Собрался Николай с молодой женой Прокопьевной в баню. Идут чинно под ручку, со свёртками чистого белья под мышкой. И уже издали видят в банном запотевшем окошке размытый, тусклый огонёк. И мелькание голого тела, и шум льющейся воды, и яростные шлепки веника: моется кто-то в бане.

Сначала Николай подумал: брат это его, не сказавшись, решил первый пар снять. А там незнакомый мужик. Мужик смутился, но не так чтобы очень.
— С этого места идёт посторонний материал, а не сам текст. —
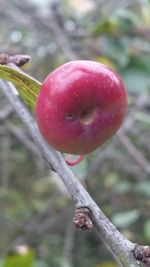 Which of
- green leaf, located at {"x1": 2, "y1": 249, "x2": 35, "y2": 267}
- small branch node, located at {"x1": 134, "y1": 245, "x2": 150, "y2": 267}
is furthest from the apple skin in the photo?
green leaf, located at {"x1": 2, "y1": 249, "x2": 35, "y2": 267}

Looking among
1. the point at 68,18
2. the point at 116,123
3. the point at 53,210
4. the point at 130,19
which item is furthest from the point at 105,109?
the point at 53,210

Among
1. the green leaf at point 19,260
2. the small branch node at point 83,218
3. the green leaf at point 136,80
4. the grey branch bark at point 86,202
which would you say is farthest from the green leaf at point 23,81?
the green leaf at point 136,80

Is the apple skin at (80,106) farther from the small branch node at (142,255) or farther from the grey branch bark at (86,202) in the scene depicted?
the small branch node at (142,255)

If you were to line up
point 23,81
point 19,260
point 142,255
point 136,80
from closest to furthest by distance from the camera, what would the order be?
point 142,255
point 23,81
point 19,260
point 136,80

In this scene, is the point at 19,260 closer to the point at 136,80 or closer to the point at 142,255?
the point at 142,255

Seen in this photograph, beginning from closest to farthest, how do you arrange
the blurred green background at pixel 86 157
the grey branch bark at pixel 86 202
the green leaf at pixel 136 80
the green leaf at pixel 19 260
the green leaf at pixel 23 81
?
the grey branch bark at pixel 86 202 < the green leaf at pixel 23 81 < the green leaf at pixel 19 260 < the blurred green background at pixel 86 157 < the green leaf at pixel 136 80

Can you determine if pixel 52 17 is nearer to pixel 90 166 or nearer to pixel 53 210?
pixel 90 166

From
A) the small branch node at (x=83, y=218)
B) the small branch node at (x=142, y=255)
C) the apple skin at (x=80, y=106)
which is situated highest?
the apple skin at (x=80, y=106)

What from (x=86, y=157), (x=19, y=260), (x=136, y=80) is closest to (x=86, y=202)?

Сполоснулся, вышел в предбанник, неохотно натянул порты, рубаху. Только Николай с Прокопьевной разделись, нырнули в низенькое чёрное огнедышащее жерло – стук-постук в дверь. Два мужика, и тоже не с их деревни.
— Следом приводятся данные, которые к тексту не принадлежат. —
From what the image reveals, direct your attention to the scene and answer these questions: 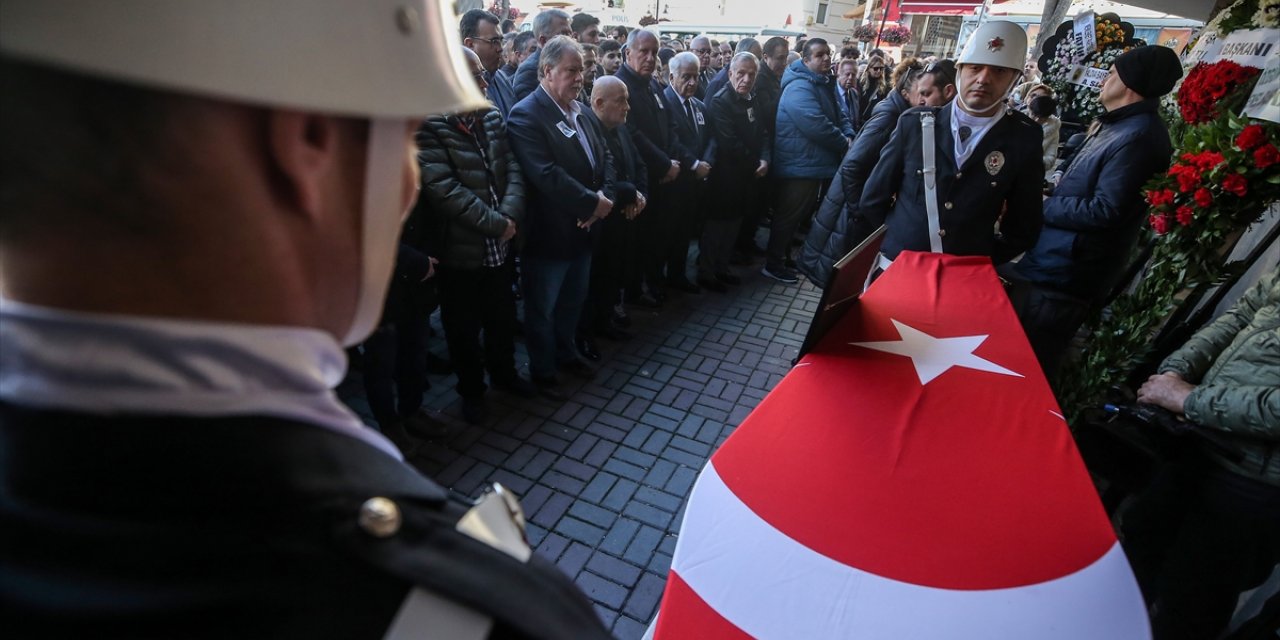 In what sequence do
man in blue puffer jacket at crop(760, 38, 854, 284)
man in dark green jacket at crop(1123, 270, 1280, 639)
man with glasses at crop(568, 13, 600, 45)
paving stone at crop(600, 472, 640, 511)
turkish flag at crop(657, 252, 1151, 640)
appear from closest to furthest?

– А, так тут занято, – и, не извинившись, ничего не объяснив, бочком-бочком развернулись и ушли. При этом вроде как похабненько, поганенько ухмыльнулись.

Моются, значит, муж с женой молчком – а в дверь то и дело стукоток. Как к себе домой. По двое, по трое сунутся, заглянут, пожмут плечами, усмехнутся и разворачиваются. Даже кунпанией, человек шесть со своими вениками: засмеялись нехорошо, подмигнули и ушли.

Домылись они с Прокопьевной кое-как… И тут Николай проснулся. И, глядя на матицу и яростно расчёсывая железные мозоли на чёрных заскорузлых ладонях, стал ломать голову, обдумывать сон. Встал, день думает, ночь думает, неделю думает. Мрачнее тучи, почернел лицом.

И додумал, далеко не ходи, смысл-то на поверхности лежит: это ж бойкая молодая жена ему изменяет! Пользуются его «банькой» все, кому не лень: и по одному, и по трое, и кунпанией. И смеются над ним, Николаем, за его спиной.

Эта догадка дошла до Николая среди ночи. Избил он тогда Прокопьевну до полусмерти: сбросив с койки, плясал на ней ногами, молотил поленом.

Председатель утром стукнул кнутовищем в окно, клича в поле заводилу, молодушку-веселушку Прокопьевну. Но увидел её лежавшую ничком, чёрную как уголь – отшатнулся. И пошёл прочь, оглядываясь и крутя головой, крякая и вдумчиво хлопая кнутовищем по кирзачу. Муж жену поучил – что ж, видно за дело. Люби жену, как душу, тряси как грушу.

А Николаю это дело глянулось, и начал он учить Прокопьевну каждую ночь. А чтобы разогреться, вспоминал ту баньку. И Прокопьевна приноровилась и уже от колхозных работ не отлынивала, а только платком кутала лицо. А на теле синяки – не велико горе: не видно.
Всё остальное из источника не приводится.